IEEE Trans Vis Comput Graph. 2023 Jan;29(1):537-547. doi: 10.1109/TVCG.2022.3209418. Epub 2022 Dec 16.

Abstract

We propose a simple yet effective method for clustering finite elements to improve preprocessing times and rendering performance of unstructured volumetric grids without requiring auxiliary connectivity data. Rather than building bounding volume hierarchies (BVHs) over individual elements, we sort elements along with a Hilbert curve and aggregate neighboring elements together, improving BVH memory consumption by over an order of magnitude. Then to further reduce memory consumption, we cluster the mesh on the fly into sub-meshes with smaller indices using a series of efficient parallel mesh re-indexing operations.
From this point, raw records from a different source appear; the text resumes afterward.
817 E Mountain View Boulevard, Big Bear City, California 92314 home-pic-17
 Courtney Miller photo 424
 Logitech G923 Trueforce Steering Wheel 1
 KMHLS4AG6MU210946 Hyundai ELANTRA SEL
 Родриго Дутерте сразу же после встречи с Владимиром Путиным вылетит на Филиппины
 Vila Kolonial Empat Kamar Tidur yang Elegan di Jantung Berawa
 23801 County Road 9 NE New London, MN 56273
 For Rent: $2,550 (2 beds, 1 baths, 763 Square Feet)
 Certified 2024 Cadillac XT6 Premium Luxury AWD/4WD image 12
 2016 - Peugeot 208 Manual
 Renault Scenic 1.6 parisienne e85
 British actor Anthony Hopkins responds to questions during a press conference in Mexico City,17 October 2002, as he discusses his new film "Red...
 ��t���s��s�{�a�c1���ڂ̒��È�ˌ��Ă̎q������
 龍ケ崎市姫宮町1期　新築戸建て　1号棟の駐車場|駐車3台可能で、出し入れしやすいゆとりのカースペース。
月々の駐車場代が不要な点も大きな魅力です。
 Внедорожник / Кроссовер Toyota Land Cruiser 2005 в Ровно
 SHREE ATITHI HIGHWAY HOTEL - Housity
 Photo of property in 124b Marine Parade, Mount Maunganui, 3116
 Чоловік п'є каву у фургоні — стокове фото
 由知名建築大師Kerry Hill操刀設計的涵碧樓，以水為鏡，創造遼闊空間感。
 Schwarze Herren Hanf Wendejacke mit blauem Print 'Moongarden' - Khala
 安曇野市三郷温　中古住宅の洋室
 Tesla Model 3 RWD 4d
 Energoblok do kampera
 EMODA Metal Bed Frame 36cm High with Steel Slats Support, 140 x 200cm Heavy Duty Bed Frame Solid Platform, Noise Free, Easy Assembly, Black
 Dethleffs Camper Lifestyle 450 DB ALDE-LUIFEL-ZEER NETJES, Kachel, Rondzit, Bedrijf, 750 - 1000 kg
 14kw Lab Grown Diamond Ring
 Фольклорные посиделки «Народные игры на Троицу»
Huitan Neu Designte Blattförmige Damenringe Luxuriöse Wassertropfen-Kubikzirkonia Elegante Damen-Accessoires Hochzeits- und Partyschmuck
These clusters are then passed to a highly optimized ray tracing API for point containment queries and ray-cluster intersection testing. Each cluster is assigned a maximum extinction value for adaptive sampling, which we rasterize into non-overlapping view-aligned bins allocated along the ray. These maximum extinction bins are then used to guide the placement of samples along the ray during visualization, reducing the number of samples required by multiple orders of magnitude (depending on the dataset), thereby improving overall visualization interactivity. Using our approach, we improve rendering performance over a competitive baseline on the NASA Mars Lander dataset from 6× (1 frame per second (fps) and 1.0 M rays per second (rps) up to now 6 fps and 12.4 M rps, now including volumetric shadows) while simultaneously reducing memory consumption by 3×(33 GB down to 11 GB) and avoiding any offline preprocessing steps, enabling high-quality interactive visualization on consumer graphics cards. Then by utilizing the full 48 GB of an RTX 8000, we improve the performance of Lander by 17 × (1 fps up to 17 fps, 1.0 M rps up to 35.6 M rps).